= Lore Krüger =

Lore Krüger (1914–2009) was a German-Jewish photographer and Nazi resistor, known most notably for her photographs taken in pre-World War II Europe. Born in Magdeburg, Germany as the first child to Jewish parents on March 11, 1914, Krüger grew up taking photographs. As her family fled from rising Nazi sentiment in Germany, Lore Krüger and her camera captured emigration and resistance in a turbulent pre-World War II Europe. She was influenced by Marxism and German Expressionism, such as New Objectivity.

==Early years==
Lore Krüger was born as Lore Heinemann on March 14, 1914. Her father, Ernest Heinemann, was an engineer, and gave her a camera for her tenth birthday.
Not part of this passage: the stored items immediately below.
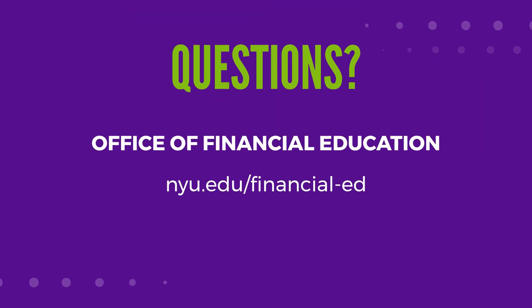If you need assistance with budgeting your refund or creating a financial plan, you can always speak to our Office of Financial Education.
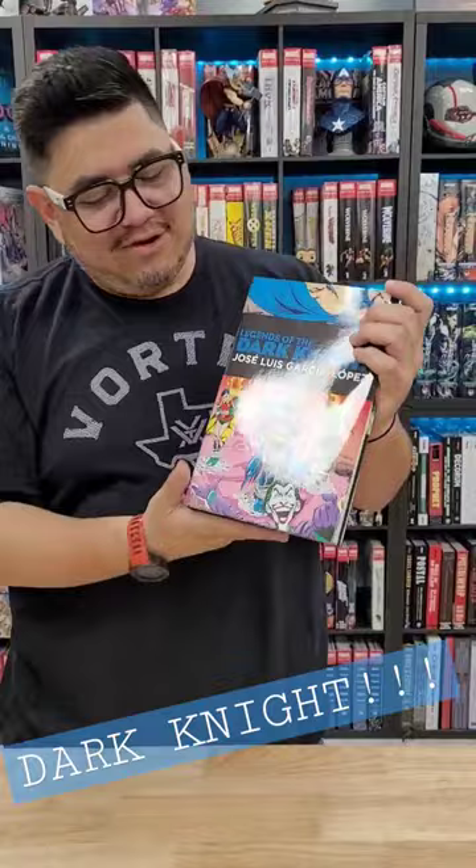What's up guys, it's David coming at you from Organic Price Books with a bite-sized view. Today we're looking at Legends of the Dark Knight by José Luis García López.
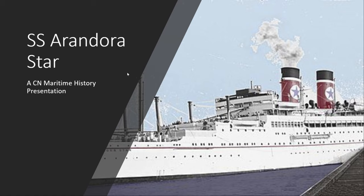Hello YouTube, this is Sea and Maritime History back again with another video, and today I'm talking about the SS Arandora Star. Let's begin the video.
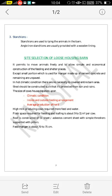High milk producing cows require more feed and water. The covered space required for feeding and loafing is about 9 to 11 square meters per cow in a Loose Housing Barn. The roof is constructed of GI sheet or fibre cement sheet with simple supports on pillars. The feed manger is about 72 to 75 cm in width, and a similar feed manger is provided in Loose Housing Barn for feeding the animals.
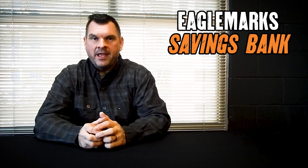Eagle Marks Savings Bank is a wholly owned subsidiary of the motor company. Not only do they provide financing for that dream bike of yours, but they can also provide you with insurance. Whether you elect to take the insurance option through them or not, you will be required to have full coverage insurance to leave the dealership on your motorcycle.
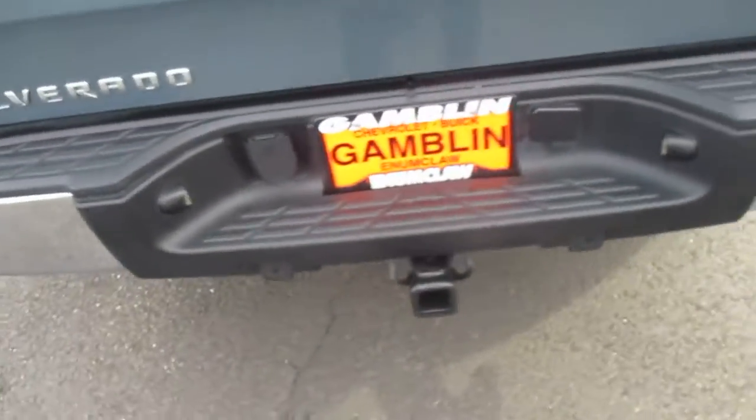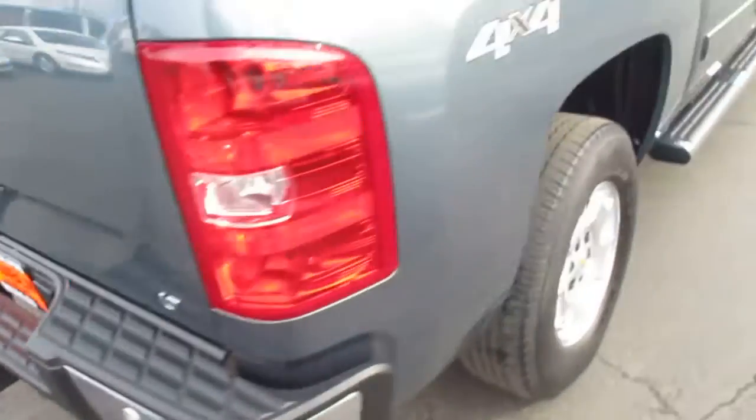Nice wheels. Chrome bumper, LT package. Towing gear for whatever you're hauling.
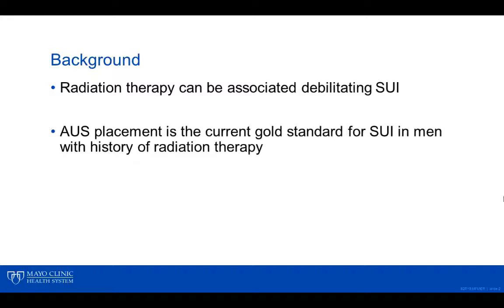With the use of primary adjuvant radiation therapy, men can develop debilitating stress urinary incontinence. Today, the AUS remains the gold standard surgical intervention for severe stress urinary incontinence in men with a history of radiation therapy.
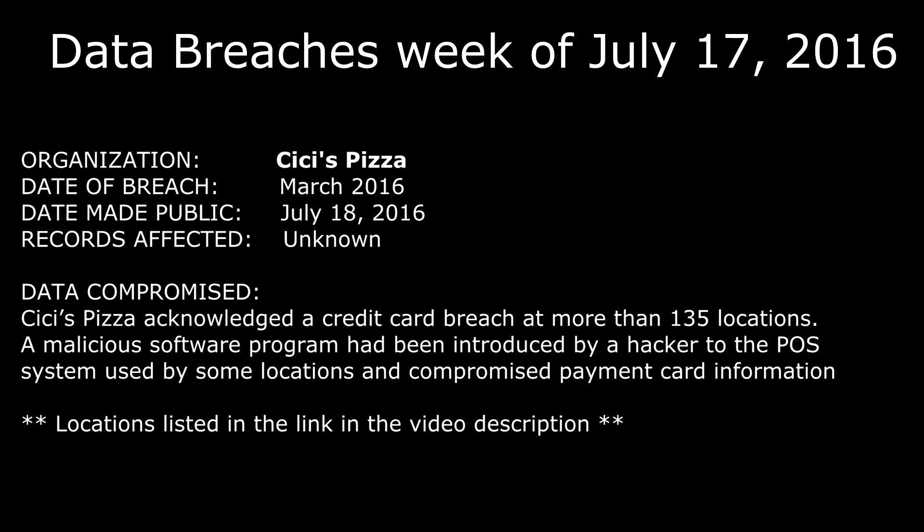The next one this week was CeCe's Pizza. CeCe's Pizza acknowledged a credit card breach at more than 135 locations. A malicious software program had been introduced by a hacker to the point-of-service system — the credit card scanners — used by some locations, compromising payment card information. This happened in March 2016 and was made public July 18th, 2016. They don't know how many specific records were affected, so if you ate at CeCe's Pizza in March 2016, definitely check for fraudulent purchases and keep an eye on your card transactions.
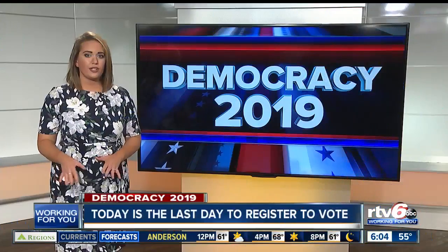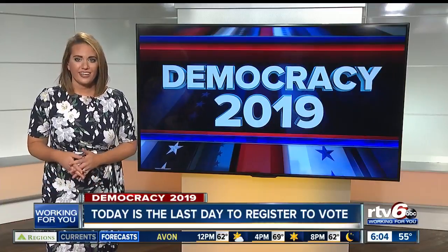On to the Democracy 2019 front. Today marks the last day to register to vote for this year's elections. Our own Kelsey Anderson joining us live this morning with what you need to know if you're planning to cast a ballot on November the 5th. Kelsey, good morning.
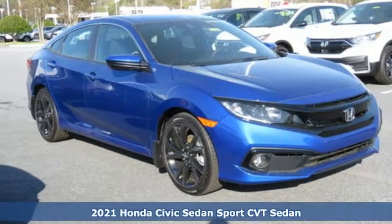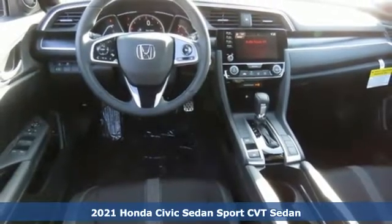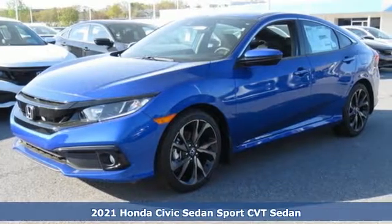Here's a new 2021 Honda Civic Sedan. Get more mileage out of every drive with this Civic, and get ready for an impressive combination of features.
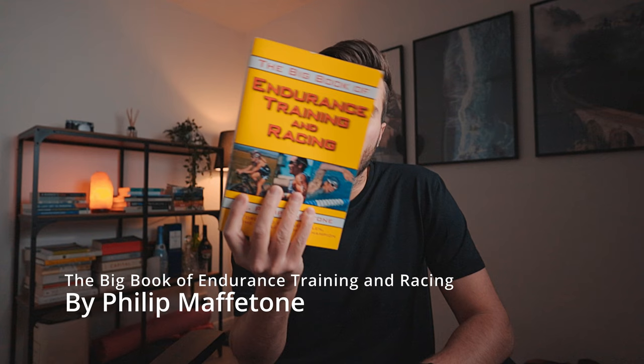But what is MAF? This is the bible on MAF. MAF is essentially a training approach that focuses on training at a level below a specific heart rate, so having a heart rate monitor is pretty critical for MAF training. MAF uses a formula of 180 minus your age to give you your MAF heart rate.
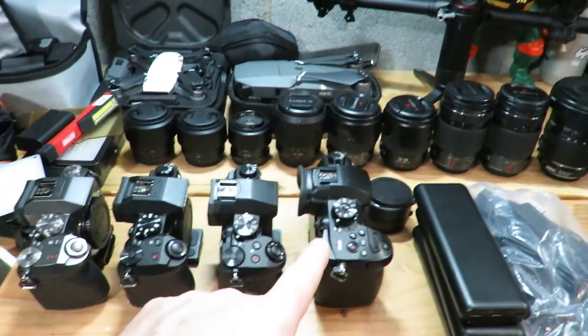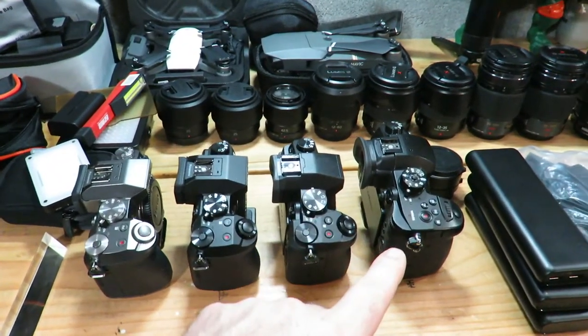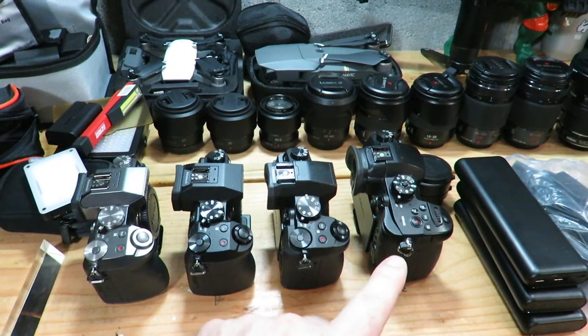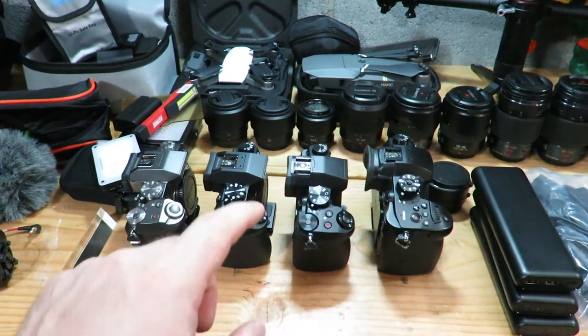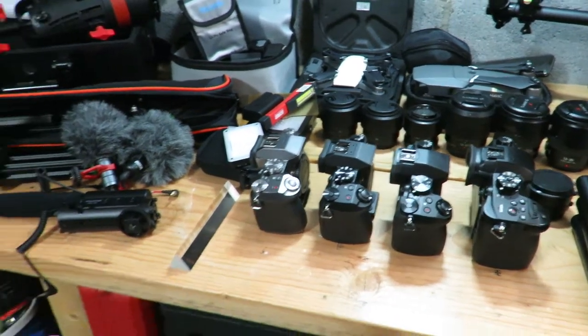I have one GH5, another one on the way, but I'm trying to decide if I'm going with the Sony A7S III as a fifth camera. I also have G85s and G7s.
After her father lost his job at a bank, her parents relocated. Krüger travelled to London, Mallorca, Barcelona, Paris, Marseille, Trinidad, New York, Wisconsin, and Berlin to escape Nazi sentiment and the second World War. Lore Krüger brought her camera with her and took pictures in all of these places. She became an icon of the emancipated women in the avant-garde movement of the 1930s and 1940s.

===Career===
Krüger fled Germany in 1933 and moved to London. While there, she worked as an au pair. After London, she followed her parents to Mallorca where they relocated after her father lost his job. Next, she moved to Barcelona where she studied photography with Zerkowitz. The next move was to Paris, where she studied in a Bauhaus studio under Florence Henri. While in France, she practiced her photography and excelled in portraits. She worked to perfect her trade and soon entered into the group of great female photographers of the time. She stood with the anti-Nazi agitators at this time as well. Krüger was still a German in France, while France was at war with Germany, and she was considered an enemy. Krüger was sent to an internment camp in 1940 where she stayed for six months. After being released, she fled with her fiancé, Ernst Krüger, on a ship destined for Mexico. With both Mexican as well as U.S. visas, Krüger, her fiancé, and her sister, Gisela, hoped to gain refuge in North America. On the journey, the ship was seized by the Dutch army and the three were placed in a British internment camp outside in Trinidad. After release, Krüger emigrated to New York. Lore Heinemann married Ernst Krüger in New York in 1942 and they founded a newspaper called the German-American Newspaper while still in exile from Nazi Germany. She worked primarily as an interpreter and translator, and also was a portrait photographer. Krüger and her family returned to Germany after the war in 1946 to "create anew" after the war. She worked as a translator of prolific American literature during this time including authors Mark Twain, Joseph Conrad, and Henry James.

===After death===
Krüger's photography career ended upon her return to Germany in 1946. Throughout her travels during her exile, she had collected 250 photographs ranging from gypsies to farms to prolific lawyers in New York. Irja Kratke and Cornelia Bastlein viewed her work shortly before Krüger's death, however Krüger was not interested in the publicity of an exhibition. After Krüger's death in 2009, Kratke and Bastlein worked hand in hand with C/O Berlin to be the first institution to exhibit this artist's work.